I stumbled across this picture on the internet; it shows the South Tower buckling and tipping over at the moment of the collapse.

Hidden in the crumbling hulk of the skyscraper are hundreds of people miliseconds from death.

The photo captures their last moment on Earth; the moment before they were pulverized and turned to ash.

I wonder how many lives are stored in that picture. I wonder how many thoughts, prayers, and screams are ingrained in that picture. It is staggering -- beyond our ability, in fact -- to calculate the immense amount of destruction encapsulated in that single image. We can try to imagine it, but the concept will always remain as an abstraction, beyond our grasp or comprehension.

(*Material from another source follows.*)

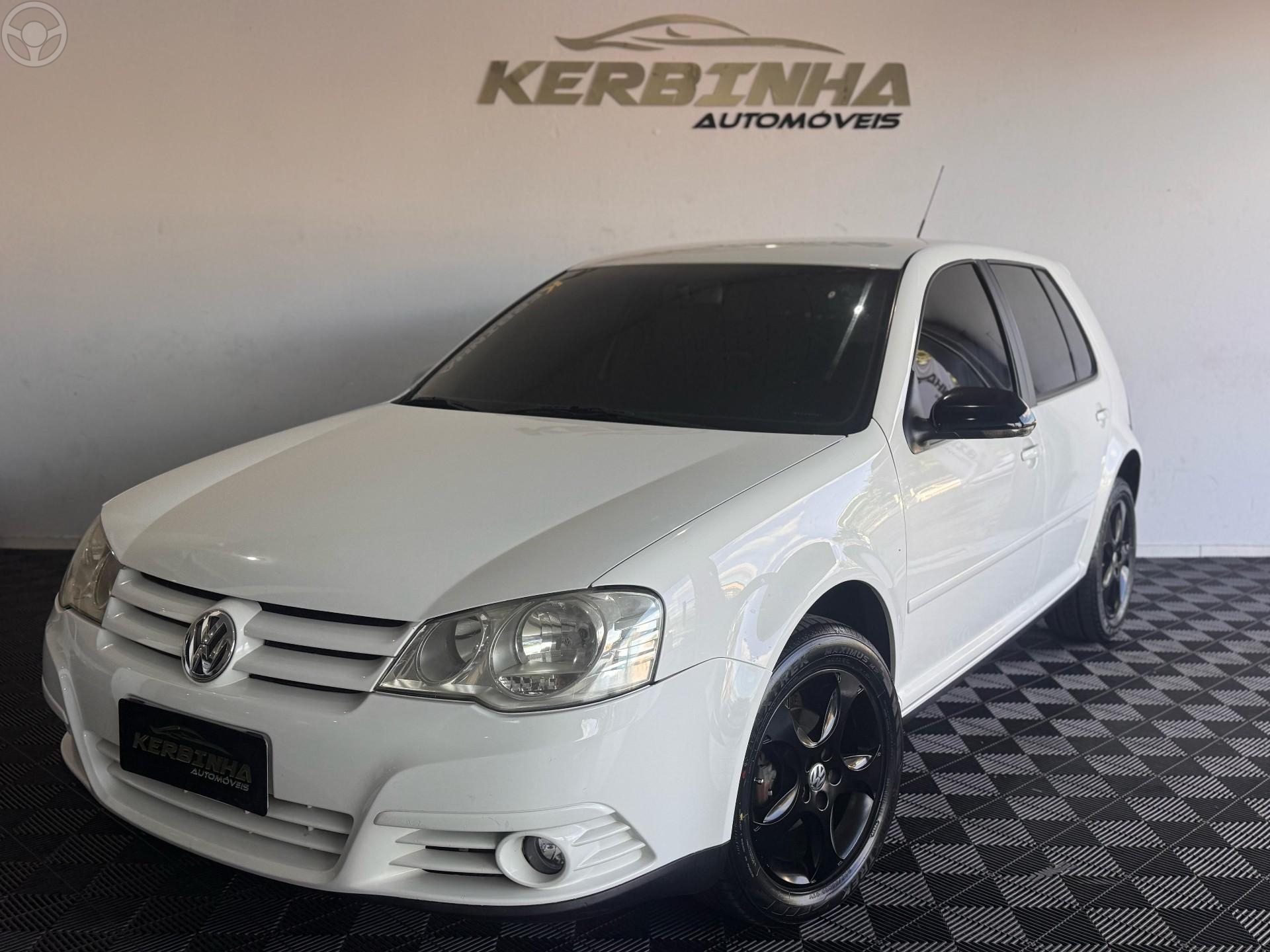 GOLF 1.6 MI SPORTLINE 8V FLEX 4P MANUAL - 2008 - VALE REAL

It's the surreality of Sept. 11th that makes it so grotesquely fascinating. The colossal suffering and loss of life that took place that day is concealed by the spectacular, alien beauty of the images: the beauty of the airplane being absorbed into a wall of steel and glass; of the orange fireball blossoming outwards from the tower; of the line of smoke seared across the flawless sky; of the cascade of twisted wreckage steaking towards the streets below; of the silent billows of ash engulfing and blanketing the city in a coat of incinerated office building; of the papers and memos and reports swirling whimsically in the air.

Never has something been so beautiful and so horrific at the same time.